Gladwell’s hypothesis is that there are two factors necessary for success: environment and effort.
Success cannot be achieved without great personal effort. Gladwell popularized the notion (though he did not invent it) that to truly become proficient at something, to master it, you need to spend roughly 10,000 hours acquiring that skill. Bill Gates, for instance, spent about 10,000 hours learning to program. The best violinists spend about 10,000 hours practicing their instrument. And so on.
It’s nearly impossible to become successful without putting in a lot of work.
But effort alone isn’t enough. Gladwell argues that Outliers — his term for folks who achieve astounding success — come from environments that encourage and foster their talents and abilities. It’s not enough that Bill Gates was interested in computers.
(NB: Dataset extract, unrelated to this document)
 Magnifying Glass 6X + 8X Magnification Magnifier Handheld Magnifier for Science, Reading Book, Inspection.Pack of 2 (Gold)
He had to be born into a community that gave him a chance to spend 10,000 hours programming, an environment that provided tons of opportunities to put his skills to work.
Success is the Sum of Environment Plus Effort
Warren Buffett, perhaps the world’s greatest investor, has spoken many times about what he calls “the ovarian lottery”. “You’re going to get one ball out of there, and that is the most important thing that’s ever going to happen in your life,” he once told a group of students at the University of Florida.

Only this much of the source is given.